The actual area where the village of Naxxar is built offers a natural shelter to its inhabitants. In fact, in early times the village was used to reconnoitre the movements of the enemy. Because of the fact that this height has a plain which goes right down to the sea, we find that three forms of defence were built through the ages – those along the sea such as towers, trenches, batteries, redoubts and beach posts - as a physical resistance to those attempting to land from the sea; inland defences like pillboxes – to hinder the advance of the enemy if they were successful in landing; and the fortifications on high ground.
 Ghallis Tower
We find that this village is mentioned in the Militia list dated 1419-1420 which shows the names of 92 men from Naxxar. According to information we have, only five more localities – Birgu (Vittoriosa), Rabat, Mdina, Żebbuġ and Qormi – had more men mentioned.

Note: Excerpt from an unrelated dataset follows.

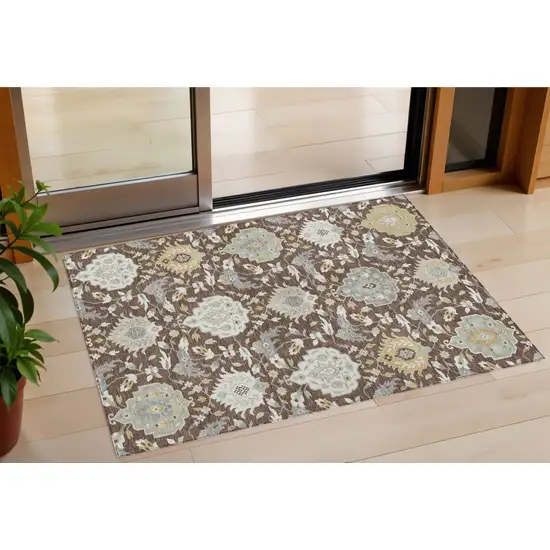 Brown Gray And Ivory Damask Washable Indoor Outdoor Area Rug Photo 1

In 1530 when the Knights arrived in Malta, a number of towers were built. Included among these towers were two in San Pawl tat-Tarġa – it-Torri tal Kaptan and Torri Gauci. It-Torri tal-Kaptan, which is situated close to the chapel, was built during the reign of Grandmaster La Vallette and was the first form of inland fortification which was not built close to the port and the neighbouring area.
 In this tower lived the Captain of the Militia – hence its name. It is interesting to note that this tower has a number of drop-boxes, sort of small balconies without a floor from which boiling oil or stones could be dropped on to the enemy below, and also various openings from which the soldiers could shoot.
Torri Gauci, built in a square shape by Francesco Gauci, could have been built before the arrival of the Knights in Malta. This tower is also provided with three drop-boxes at roof level. These two towers played an important role during the Great Siege of 1565.
In the 17th Century the Knights started building towers in strategic places to strengthen the Island's defences. In fact, during the reign of Grandmaster De Redin (1657-1660) thirteen towers were built, two of which are in the Naxxar locality. Għallis Tower was the second of the thirteen built. The tower was built in 1658 at a cost of 426 scudi and it guarded the entrance to Salina. Recently this tower was restored to its original beauty by the "Din l-Art Ħelwa" Foundation. The Qalet Marku Tower was also built in 1658 at a cost of 408 scudi. To enter the first floor of this tower, one had to use a ladder, whilst to go up to the roof, there was a spiral staircase. In 1792 two cannons were installed in each tower.
At the beginning of the 18th Century it was decided to start building a new type of defence - trenches and batteries. Between 1714 and 1715 ten batteries were built, one of which was at Qalet Marku. The batteries consisted of a platform for a cannon surrounded by a parapet with an opening from which they could shoot. Unfortunately today, the only parts remaining at Qalet Marku battery are part of the ditch and part of the wall. In Salina Bay and Baħar iċ-Ċagħaq, we also find two redoubts, pentagonal buildings surrounded by a low parapet and a low ditch as well as a wall which in time also served as a trench.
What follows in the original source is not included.